I think the calculation for DSWWithSharedVMEMCount could be simplified by iterating over DSWithPerms once, while adding each found VMEM to a list or map with a count that increases by 1 for each found DSWithPerm paired with that VMEM. To avoid some of the repeated traversals of preds/succs of the same instructions?

jrbyrnes updated this revision to Diff 528645.Jun 5 2023, 5:31 PM
jrbyrnes marked 6 inline comments as done.

Thanks @kerbowa for pointing out this loop.

Rework loop to optimize + explicitly check for complete match & encode assumptions.

+Rebase

Looks correct to me, my only concerns are about the performance of the rule implementations but, I'm not sure how critical that is if this is only targeting a few small kernels.

llvm/lib/Target/AMDGPU/AMDGPUIGroupLP.cpp
1177

Again, would caching these results help, or is it unlikely to be a bottleneck?

1224

Will these rules be called relatively often, would it help to cache the first 4 mfma in cases like this?

1225

Does it need to be a direct pred of the MFMA or does it only need to be able to be scheduled before it, could you use reachability in the DAG here instead of searching the preds like this?

jrbyrnes updated this revision to Diff 530954.Jun 13 2023, 9:56 AM
jrbyrnes marked 2 inline comments as done.
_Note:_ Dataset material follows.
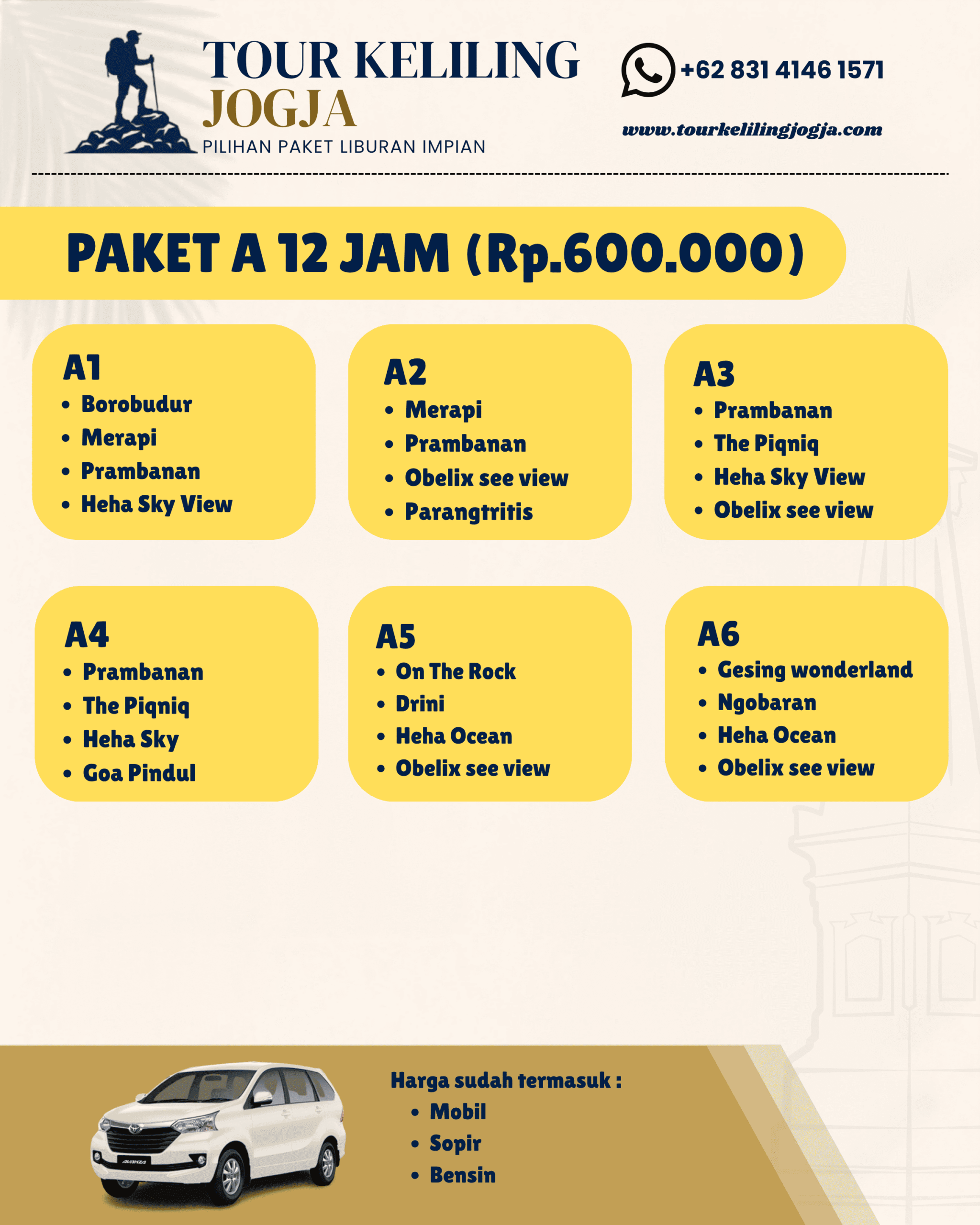 Paket Tour 1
Like you, I am mindful of the compile time costs, but not overly concerned since it is only relevant to a few blocks.

That said, the cache idea is a cheap way to get some compile time improvements, so I've implemented that feature.

kerbowa added inline comments.Jun 25 2023, 11:23 PM
llvm/lib/Target/AMDGPU/AMDGPUIGroupLP.cpp
139

Looks good, but this seems a bit vague as a field in SchedGroup. Can these just be captured in the lamdas since the way each rule would use a cache may be different?

jrbyrnes updated this revision to Diff 534669.Jun 26 2023, 11:30 AM

Move caches into rule scope.

kerbowa added inline comments.Jul 5 2023, 8:22 PM
llvm/lib/Target/AMDGPU/AMDGPUIGroupLP.cpp
116

Can you make this into a class or struct? We may want to add more to the Rule class than just the classifier and a cache.

140

Unused.

jrbyrnes updated this revision to Diff 537758.Jul 6 2023, 9:00 AM

InstructionRule class

kerbowa added inline comments.Jul 6 2023, 11:38 AM
llvm/lib/Target/AMDGPU/AMDGPUIGroupLP.cpp
113–114

Put this in the class so that it can access the cache?

115

What if this was a member function in InstructionRule, that way rules could be reused. Or do you think that the rules will always be so specific that it is not needed and that common functionality should just be in some functions somewhere?

jrbyrnes updated this revision to Diff 537874.Jul 6 2023, 2:07 PM

Convert function_ref to functor-like classes

jrbyrnes updated this revision to Diff 537877.Jul 6 2023, 2:09 PM

Remove unintended errs()

kerbowa accepted this revision.Jul 9 2023, 1:23 PM

LGTM

This revision is now accepted and ready to land.Jul 9 2023, 1:23 PM
This revision was landed with ongoing or failed builds.Jul 13 2023, 12:04 PM
This revision was automatically updated to reflect the committed changes.